Sklaven, Kindern und Schülern war es erlaubt, ihre Vormünder zu beleidigen, sie in kalte Brunnen zu schmeissen oder sie öffentlich nachzuäffen.
Gerechtfertigt wurde das antike Tohuwabohu durch den Gott Saturn, Herr über Zeit und Saat. Für die Römer symbolisierte er das goldene Zeitalter, einen Zustand vor der Zivilisation, in dem perfekte Menschen ohne Macht und Habgier in Eintracht mit Natur und Moral lebten.
Das Schwelgen im sorgenfreien Naturzustand hatte jedoch seinen Preis: Menschenopfer.
Die Festlichkeiten der Saturnalien begannen traditionell mit der Opferung eines Menschen im Saturntempel auf dem Forum Romanum. Ein besonders schönes Saturn-Fest soll es gegeben haben, wenn das Opfer ein Kind war.
Im Jahre 274 n. Chr. brachte der römische Kaiser Aurelian den unbesiegten Sonnengott Mithras von seinen Schlachten in Kleinasien nach Hause ins Römische Reich.
Er weihte ihm das pompöse Finale der Saturnalien. Der 25. Dezember, der im julianischen Kalender die Wintersonnenwende datiert, wurde fortan zum Geburtstag der wachsenden Sonne.
Alle fanden's toll oder es war ihnen egal. Denn das Saufgelage und die Orgien wurden unverändert, wenn nicht sogar derber (dem neuen Gott muss schliesslich gebührend Dank demonstriert werden) abgehalten.
Die Wintersonnenwende war für etliche Kulturen Anlass zum Feiern:
Nur die ersten Christen hatten keinen Bock auf Saufen im Dezember.
Auf freiem Feld. Mitten im Winter. Während der palästinensischen Regenzeit. – «Mhm, genau», dachten sich die damaligen Christen mit rollenden Augen und lehnten das Kultfest um die Wintersonnenwende ab.
Ihre Sonne war Jesus Christus und über dessen Geburtstermin war gerade mal so viel bekannt, dass der 25. Dezember dafür definitiv nicht in Frage kommt.
Während sich also ganz Rom die Kante gab, blieben die Christen ihrem Heiland treu – und warteten sehnlichst auf das Osterfest im Frühjahr.

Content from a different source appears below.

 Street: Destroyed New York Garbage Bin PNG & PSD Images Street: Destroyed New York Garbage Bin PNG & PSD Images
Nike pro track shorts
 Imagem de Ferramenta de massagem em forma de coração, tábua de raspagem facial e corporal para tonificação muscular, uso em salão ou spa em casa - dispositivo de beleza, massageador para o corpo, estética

«Halt, halt, halt!», mag die Stimme im Kopf des Abendländers nun protestieren, «Christen mochten Weihnachten nicht, also die Saturnalien, beziehungsweise die Sonnenwendfeiern – das heisst, Pfarrer Müller hat gelogen und in die Kirche ging ich die ganzen Jahre vergebens?»

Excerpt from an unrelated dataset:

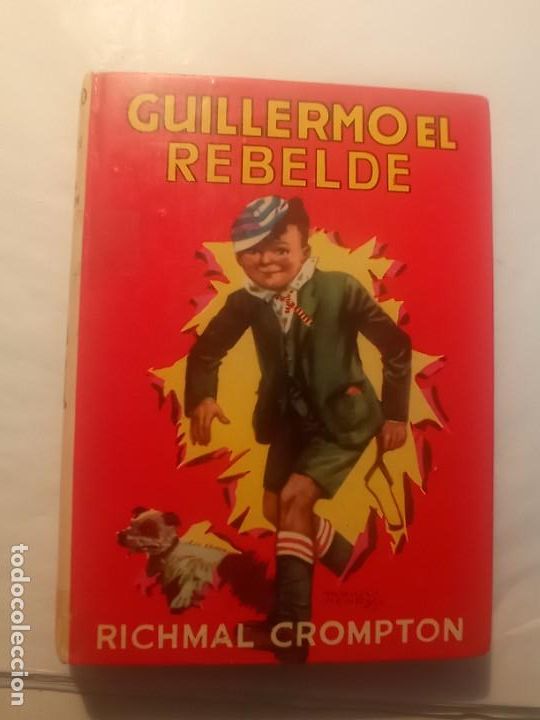 Libros de segunda mano: GUILLERMO EL REBELDE RICHMAL CROMPTON - Foto 1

Wer den Geschichtsunterricht nicht verpennt hat, weiss: Kaiser Konstantin ist der Grund, wieso das Dorfbild einer jeden zentraleuropäischen Gemeinde ein Kirchturm ziert, wir getauft werden, den Religionsunterricht über uns ergehen lassen und wieso wir Weihnachten feiern.
Angeblich war dem römischen Imperator während einer Schlacht Gott begegnet, weswegen er sein Reich vollständig «verchristlichen» liess und alle anderen Religionen verbot.

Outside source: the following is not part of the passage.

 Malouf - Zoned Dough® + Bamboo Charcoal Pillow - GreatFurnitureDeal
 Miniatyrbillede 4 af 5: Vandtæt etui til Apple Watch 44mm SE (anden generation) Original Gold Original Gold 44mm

Zunächst versuchte er auch die feriae saturnalia zu streichen, womit er wohl ein ähnliches Ergebnis erzielte, wie wenn man einem Teenager den Ausgang zu verbieten versucht.
Doch eigentlich kam das Fest um den 25. Dezember den christlichen Missionaren sehr gelegen. Im ganzen Reich von Konstantinopel bis Schottland hatten die verschiedenen Ethnien zu diesem Zeitpunkt ihre eigenen Feste.
Allen zu verklickern, dass mit der wachsenden Sonne, die sie seit Jahrtausenden feiern, eigentlich Jesus Christus gemeint ist, war politisch gesehen eine geniale Strategie zur Missionierung.
354 n. Chr. legte Papst Liberius schliesslich den 25.12. als offizielles Geburtstagsfest des Erlösers fest. Diesen Tag zu feiern, war von nun an obligatorisch.
Die verschiedenen Bräuche um die geweihte Nacht schmolzen zum Fest zusammen, wie wir es heute kennen.
Die Römer zogen sich Kleider an und frassen weiter, die Lichter der Germanen brennen noch heute in Form von bunten Kerzen in der Adventszeit und als Menschenopfer halten heute Gritti-Bänze den Kopf hin.
Die religiösen Hintergründe verschwanden zwischen Mittelalter und Neuzeit immer mehr und machten Platz für überdrüssige Festtagsmenüs (gell, Baroni), kitschige Blockbuster und übertriebene Weihnachtsgeschenke.
Dem X-Mas-Fest kommerziellen Charakter vorzuwerfen, ist etwa genauso lächerlich, wie deinem Grosi zu unterstellen, sie trage altmodische Klamotten.
Heiligabend und Weihnachten drehten sich also schon immer darum, sich selbst und seinen Nächsten etwas Besonderes zu gönnen. Früher war das eine Massenorgie – und heute ist es halt Glühwein.